Kemp is a music journalist who has worked for Rolling Stone and MTV. He was born in North Carolina and the book tells about becoming conscious and verbal at exactly the time the schools were becoming desegregated and the other momentous changes happening at the instigation and in the wake of the Civil Rights' movement.
"Kemp is very good at capturing the sense of confusion he felt as a child, especially as attitudes hardened within various branches of his family. He explains the infuriating feeling of internalising a sense of "white Southern guilt" while at the same time resenting deeply the sneering superiority of those Northerners who now felt licensed to look down on all things Southern. Most interestingly, he tells of moving North himself once he left school in pursuit of work and becoming one of those sneering, superior Northerners that he'd hated and resented.

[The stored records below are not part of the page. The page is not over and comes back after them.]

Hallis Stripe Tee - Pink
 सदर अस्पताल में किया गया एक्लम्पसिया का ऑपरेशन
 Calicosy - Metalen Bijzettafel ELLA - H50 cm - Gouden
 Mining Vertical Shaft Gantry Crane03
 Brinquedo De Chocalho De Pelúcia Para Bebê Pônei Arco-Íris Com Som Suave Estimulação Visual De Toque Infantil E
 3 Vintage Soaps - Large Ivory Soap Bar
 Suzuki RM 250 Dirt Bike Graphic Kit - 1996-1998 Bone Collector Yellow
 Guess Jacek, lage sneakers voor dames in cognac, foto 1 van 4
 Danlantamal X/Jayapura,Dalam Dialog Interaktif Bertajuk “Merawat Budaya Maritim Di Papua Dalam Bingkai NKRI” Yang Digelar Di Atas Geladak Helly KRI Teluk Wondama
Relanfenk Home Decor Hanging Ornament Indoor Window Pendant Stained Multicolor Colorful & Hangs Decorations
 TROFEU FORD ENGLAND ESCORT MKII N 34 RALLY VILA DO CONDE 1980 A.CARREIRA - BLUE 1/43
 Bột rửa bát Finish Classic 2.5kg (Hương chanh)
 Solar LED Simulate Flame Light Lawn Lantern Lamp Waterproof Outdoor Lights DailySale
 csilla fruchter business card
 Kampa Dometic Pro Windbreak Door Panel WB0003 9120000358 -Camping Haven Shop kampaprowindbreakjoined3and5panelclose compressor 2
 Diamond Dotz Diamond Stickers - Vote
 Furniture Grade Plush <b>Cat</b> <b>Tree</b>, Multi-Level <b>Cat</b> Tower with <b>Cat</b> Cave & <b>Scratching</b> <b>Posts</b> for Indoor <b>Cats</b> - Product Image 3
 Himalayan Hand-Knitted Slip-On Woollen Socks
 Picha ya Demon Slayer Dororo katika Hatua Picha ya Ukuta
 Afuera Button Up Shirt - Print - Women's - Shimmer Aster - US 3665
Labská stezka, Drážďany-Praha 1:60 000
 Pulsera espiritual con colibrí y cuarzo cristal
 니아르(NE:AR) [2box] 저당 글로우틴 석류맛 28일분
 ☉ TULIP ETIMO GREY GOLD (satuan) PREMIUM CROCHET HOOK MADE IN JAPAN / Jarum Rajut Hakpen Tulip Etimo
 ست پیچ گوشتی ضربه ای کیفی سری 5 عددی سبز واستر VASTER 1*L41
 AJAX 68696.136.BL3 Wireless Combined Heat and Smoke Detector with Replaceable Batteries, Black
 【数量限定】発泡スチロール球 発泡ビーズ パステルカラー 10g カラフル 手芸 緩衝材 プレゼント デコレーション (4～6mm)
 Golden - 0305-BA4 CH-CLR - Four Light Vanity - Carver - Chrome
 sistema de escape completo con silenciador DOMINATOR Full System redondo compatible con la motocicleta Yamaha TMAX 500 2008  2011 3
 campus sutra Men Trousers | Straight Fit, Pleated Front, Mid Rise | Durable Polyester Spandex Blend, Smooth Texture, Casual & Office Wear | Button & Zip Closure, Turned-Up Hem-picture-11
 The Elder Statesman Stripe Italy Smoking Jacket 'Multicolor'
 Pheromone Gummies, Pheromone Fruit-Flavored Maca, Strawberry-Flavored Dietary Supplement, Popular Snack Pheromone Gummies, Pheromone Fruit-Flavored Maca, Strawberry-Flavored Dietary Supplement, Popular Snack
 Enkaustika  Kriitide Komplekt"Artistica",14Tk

"The type will be instantly recognisable to any Australian who has encountered one of those more-British-than-the-British types you always seem to run into in London, the sort with the affected Oxbridge accent and the ready story about his/her love of all things Aboriginal, anything to distance themselves from what they imagine to be the backwardness of the land they've "escaped" and to ingratiate themselves to the Londoners up whose arses they were eager to crawl. The Brits who bad-mouthed Australia were painful enough, but you could learn to laugh them off after a while realsing their attitudes were based on pig ignorance. The self-hating Australians were an altogether different type of creature.
"Kemp's story in
Dixie Lullaby is ultimately about his attempts to make peace with "his" South and the way he did this through the discovery of bands like The Allman Brothers and Lynard Skynyrd. For a music fan, this part of the story is fascinating purely from a musical point of view, but the story goes a lot deeper than the mere recounting of a fan's obsessions:
At first, we turned to music. Hippie music. Music that embraced alternative lifestyles. Then we discovered marijuana. The combination of music and drugs took us far away from our dreary mill town lives. My favorite band was British —the Rolling Stones. I had no idea at the time that the Stones had been influenced by such southern American artists as black blues and rock & roll pioneers Robert Johnson, Willie Dixon, and Chuck Berry, and the white rockabilly and country musicians Carl Perkins, Buddy Holly, and George Jones. Those artists had made their careers in the very region that my friends and I found so suffocating. I completely missed the connection. Mick Jagger came from a land so far away that it didn't seem real. Jagger himself didn't seem real. He wore eyeliner and sequined jumpsuits, and strutted about the stage with effeminate gestures. In Asheboro, North Carolina, boys played football, chewed tobacco, graduated from high school to enter college or go into business, or quit school at sixteen to work for one of the local textile mills or furniture factories. I adored Mick Jagger, but to emulate him was to expose myself to ridicule. Besides, I couldn't really relate to him. He was so much larger than life.
Then I discovered the Allman Brothers Band, a mixed-race, blues-influenced rock group based in Macon, Georgia. The Allmans dressed in flannels and jeans, like I did. The singer, Gregg Allman, crooned with a melancholy I'd never before heard from someone who shared my reality. It was as though he were speaking directly to me. In the band's 1969 psychedelic-gospel dirge "Dreams," Allman moaned the words "I went up on the mountain / To see what I could see / The whole world was falling / Right down in front of me." I was only eleven years old the first time I heard that song, but I felt I knew what Gregg Allman was talking about. In the years following desegregation, the mood of the South was chaotic. Times were changing. Wrong seemed right and right seemed wrong. The Allmans embraced that chaos, combining country, blues, jazz, and gospel into an otherworldly musical stew that allowed me to feel conflicting emotions: sadness, joy, sorrow, pride. Between 1969 and 1973, the Allmans sang of what it felt like to be saddled with pain ("Dreams," "It's Not My Cross to Bear"); they sang of redemption ("Revival"); and they sang of falling in love with (and within) the awesome beauty of the rural South ("Blue Sky," "Southbound").
"The book is the story of his life, but it also follows him and his father and he travels back through the South, meeting up with old friends and visiting old hang-outs, and eventually everyone, more or less, coming to terms with everybody else. There is a somewhat surprising and nicely poignant end, as it turns out.
"As I say, one of the things I found enjoyable about the book was the shock of recognition, that someone seemingly so distant from my life had had some experiences that were actually pretty similar. To realise how common such prejudices are is to go at least part of the way to overcoming them. In short, it's a book I highly recommend.